Don't. Function pointers are there for a reason.

And read x86 calling conventions - Wikipedia, the free encyclopedia if you haven't already.

thank you _Mike

I will definitely read that.

IceFire32, thank you much for the example

[amadmonk]

Please be aware that there are a number of customcall functions in WoW, which you're simply not going to ever be able to call correctly using standard calling conventions. With customcall (don't know if there's an "official" name for this calling convention that, really, ISN'T a calling convention...) you have to reverse the function and look at its usage to know how to handle params, which registers are volatile, etc. Pray you don't run into these functions

I don't believe, however, that any of the "usual" offsets found per patch use customcall.

[Cypher]

Please be aware that there are a number of customcall functions in WoW, which you're simply not going to ever be able to call correctly using standard calling conventions. With customcall (don't know if there's an "official" name for this calling convention that, really, ISN'T a calling convention...) you have to reverse the function and look at its usage to know how to handle params, which registers are volatile, etc. Pray you don't run into these functions

I don't believe, however, that any of the "usual" offsets found per patch use customcall.

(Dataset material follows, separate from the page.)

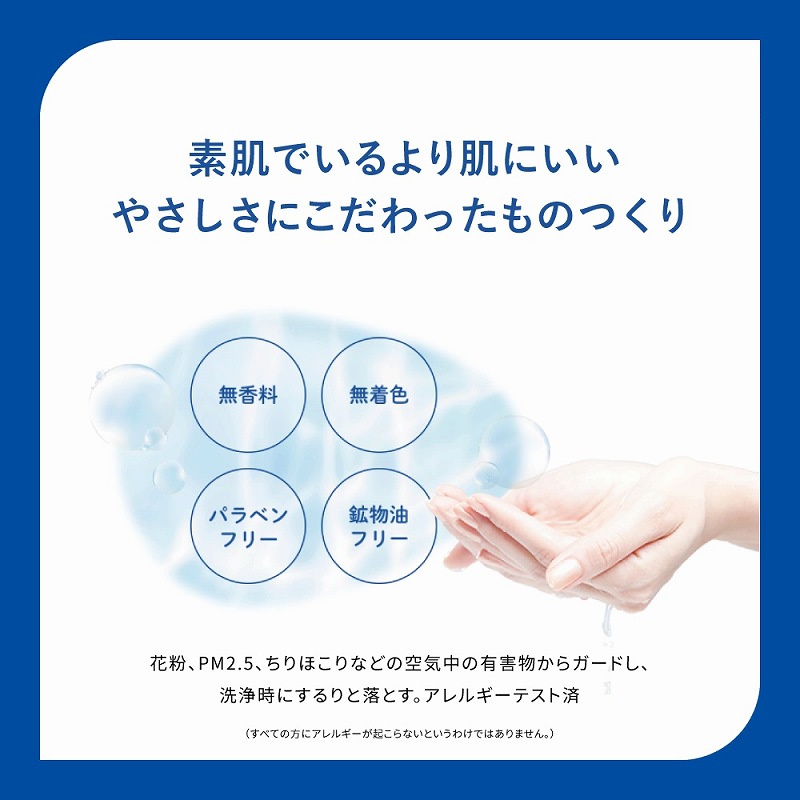 �f���ł����蔧�ɂ���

Pray also that Blizzard don't decide to start setting their compiler to use IPO/PGO/etc more aggressively.

[amadmonk]

Yeah, I'm kinda hoping that too.

[lweid]

Another question, in most cases of the injected module being (far lack of a better term) kicked back out after an attempted call to a function, but WoW does not crash. Would this most likely mean I have messed up the params/return type? Or is it because my function pointer is pointing to something that isnt the beginning of a procedure?

thanks

edit-

i should add. I usually stick to cdecl, most of the time it just kicks my library back out. but i fear its because I have messed up the parameters.

[amadmonk]

Seriously, if you don't know the calling convention, you're doing it wrong. Either stick to offsets that other people have reversed (and for which you know the cconv), or reverse it yourself.

Just wildly flailing around trying different random cconv's is a non-starter.